CLIR Postdoctoral Fellowship in Energy Social Science Data Curation Series Part I: Efficiently Tracking Scholarly Output

Screenshot from "An Introduction to Dimensions" video.

Introduction
This blog post kicks off a four-part series about my work with energy social science data curation at the Carnegie Mellon University Libraries (University Libraries hereafter) and the Wilton E. Scott Institute for Energy Innovation (Scott Institute hereafter). As part of my CLIR (Council on Library and Information Resources) postdoctoral fellowship, I have been working on a series of projects to help the University Libraries better understand and provide data support to the energy research community at Carnegie Mellon University (CMU). In each post of this series, I will focus on one of my fellowship projects.

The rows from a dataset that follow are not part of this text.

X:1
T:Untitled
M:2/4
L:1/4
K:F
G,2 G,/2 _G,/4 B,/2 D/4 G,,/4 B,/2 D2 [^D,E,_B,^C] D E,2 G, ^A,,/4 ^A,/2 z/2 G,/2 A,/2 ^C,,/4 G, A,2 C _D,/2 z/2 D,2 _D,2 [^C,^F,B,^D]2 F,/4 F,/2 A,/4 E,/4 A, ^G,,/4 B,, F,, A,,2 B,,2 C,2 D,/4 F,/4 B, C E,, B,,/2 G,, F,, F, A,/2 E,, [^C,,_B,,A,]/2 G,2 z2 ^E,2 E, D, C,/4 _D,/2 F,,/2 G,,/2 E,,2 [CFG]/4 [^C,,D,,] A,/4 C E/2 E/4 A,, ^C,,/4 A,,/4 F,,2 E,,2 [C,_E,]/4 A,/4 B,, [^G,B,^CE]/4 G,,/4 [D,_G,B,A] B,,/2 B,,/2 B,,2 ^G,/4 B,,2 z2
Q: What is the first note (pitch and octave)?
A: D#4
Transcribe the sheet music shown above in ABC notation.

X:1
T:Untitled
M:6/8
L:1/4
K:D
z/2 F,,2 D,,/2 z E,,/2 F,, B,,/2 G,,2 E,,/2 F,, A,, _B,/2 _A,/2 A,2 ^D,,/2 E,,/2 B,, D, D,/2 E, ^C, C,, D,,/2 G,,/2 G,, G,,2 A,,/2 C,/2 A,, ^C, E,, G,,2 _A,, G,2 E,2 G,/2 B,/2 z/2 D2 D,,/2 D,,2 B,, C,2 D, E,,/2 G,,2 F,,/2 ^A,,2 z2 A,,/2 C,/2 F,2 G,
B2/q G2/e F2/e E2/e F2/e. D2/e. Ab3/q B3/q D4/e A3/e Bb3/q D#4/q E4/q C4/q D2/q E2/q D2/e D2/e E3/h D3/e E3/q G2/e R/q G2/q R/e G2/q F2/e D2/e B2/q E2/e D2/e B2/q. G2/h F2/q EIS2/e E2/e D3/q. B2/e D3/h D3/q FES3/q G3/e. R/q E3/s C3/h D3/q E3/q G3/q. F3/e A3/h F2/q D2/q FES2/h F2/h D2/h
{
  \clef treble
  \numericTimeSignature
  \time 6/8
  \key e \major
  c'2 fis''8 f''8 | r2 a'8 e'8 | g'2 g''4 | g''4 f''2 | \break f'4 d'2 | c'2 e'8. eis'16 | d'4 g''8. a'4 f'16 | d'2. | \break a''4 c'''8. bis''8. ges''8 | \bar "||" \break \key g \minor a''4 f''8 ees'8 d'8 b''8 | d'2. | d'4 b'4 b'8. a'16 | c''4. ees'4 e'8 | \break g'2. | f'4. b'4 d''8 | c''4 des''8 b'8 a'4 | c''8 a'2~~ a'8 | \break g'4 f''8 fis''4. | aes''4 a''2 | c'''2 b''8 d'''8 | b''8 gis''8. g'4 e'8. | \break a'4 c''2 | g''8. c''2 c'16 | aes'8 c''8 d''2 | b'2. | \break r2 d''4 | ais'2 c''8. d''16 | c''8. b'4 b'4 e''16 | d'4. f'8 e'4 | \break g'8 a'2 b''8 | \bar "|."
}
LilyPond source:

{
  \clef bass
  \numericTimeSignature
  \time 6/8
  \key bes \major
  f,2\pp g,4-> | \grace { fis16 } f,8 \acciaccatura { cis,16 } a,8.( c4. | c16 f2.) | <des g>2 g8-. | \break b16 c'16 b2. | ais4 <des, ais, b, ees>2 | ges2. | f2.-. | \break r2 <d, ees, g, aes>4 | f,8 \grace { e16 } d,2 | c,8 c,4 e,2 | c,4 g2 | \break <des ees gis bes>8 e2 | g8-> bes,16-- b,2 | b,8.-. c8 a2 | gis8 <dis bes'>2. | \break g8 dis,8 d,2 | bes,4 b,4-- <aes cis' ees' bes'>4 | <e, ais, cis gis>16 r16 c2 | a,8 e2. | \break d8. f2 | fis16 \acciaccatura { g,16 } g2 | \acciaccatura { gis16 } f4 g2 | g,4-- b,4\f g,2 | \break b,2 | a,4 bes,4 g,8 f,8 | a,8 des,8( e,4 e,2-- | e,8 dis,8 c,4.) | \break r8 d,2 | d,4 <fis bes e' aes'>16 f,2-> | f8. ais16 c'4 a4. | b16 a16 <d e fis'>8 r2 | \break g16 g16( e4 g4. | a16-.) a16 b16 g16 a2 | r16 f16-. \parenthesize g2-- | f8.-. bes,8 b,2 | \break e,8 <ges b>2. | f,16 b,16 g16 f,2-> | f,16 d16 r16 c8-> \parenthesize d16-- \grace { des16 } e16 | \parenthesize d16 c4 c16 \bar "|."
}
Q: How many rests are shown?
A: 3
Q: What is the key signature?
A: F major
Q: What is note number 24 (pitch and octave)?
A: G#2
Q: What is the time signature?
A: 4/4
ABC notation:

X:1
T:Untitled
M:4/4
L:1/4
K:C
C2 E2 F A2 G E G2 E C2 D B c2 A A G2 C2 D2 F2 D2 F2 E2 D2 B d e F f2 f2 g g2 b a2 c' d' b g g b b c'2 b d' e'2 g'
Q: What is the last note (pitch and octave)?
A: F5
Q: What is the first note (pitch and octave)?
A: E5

In this post, I’ll describe how I’ve used a scholarly information database (Dimensions) to help the Scott Institute to more efficiently discover and track the research output of its faculty affiliates. The rest of the series will cover: (1) using R Shiny to create a dashboard for a project to visualize the effects of climate change on hydropower in the global south; (2) working with a research team to clean and analyze a large dataset of electricity consumption to study energy poverty and justice in the U.S.; (3) the takeaways from a research data management survey and interview series that I’ve been conducting among the CMU energy research community. I’m very excited to share my work with data and coding. If you find these topics interesting, keep reading and stay tuned to my future posts.

The Scott Institute’s Need: Who is Doing What?
There are over 160 faculty affiliates (including faculty fellows) associated with the Scott Institute. For the administrators of the Scott Institute, an important question is: “Who is doing what research now?” Discovering and verifying recent and current publications and grants is important for updating the expertise areas displayed on the Scott Institute’s website and in the annual IMPACT report, as well as for general planning and decision making.

Using a manual method, one can go through each expert individually to discover their latest publications, typically by keywords and abstracts to get a high-level understanding of the topics under study, and then synthesize this information with the current record. This procedure is tedious, painstaking, and doesn’t sound very exciting. Another route is to ask each expert directly, but this presents its own challenges in collating the information when it is eventually provided. So a solution was required to both quickly and accurately discover and track the research output of all affiliated energy experts.

Dimensions
Dimensions is a scholarly information database made available to the CMU community through the University Libraries. You can think of Dimensions as somewhat similar to Google Scholar. What makes Dimensions powerful and flexible to use is its Analytics API (available only by subscription at CMU). With the use of the Dimcli package in Python and the Dimensions Search Language (DSL), a variety of scholarly data (e.g., publications and grants) can be queried for a given list of researchers.

Concept and Concept Scores
Although much more efficient than copying and pasting from Google Scholar, using an API to batch-pull data is just the first step. The next problem is how to best make use of the data. The Scott Institute described a specific use case where the task is to find those experts who are doing research on a specific research topic (e.g., aluminum alloy). Again, Dimensions provides a useful feature to satisfy this need.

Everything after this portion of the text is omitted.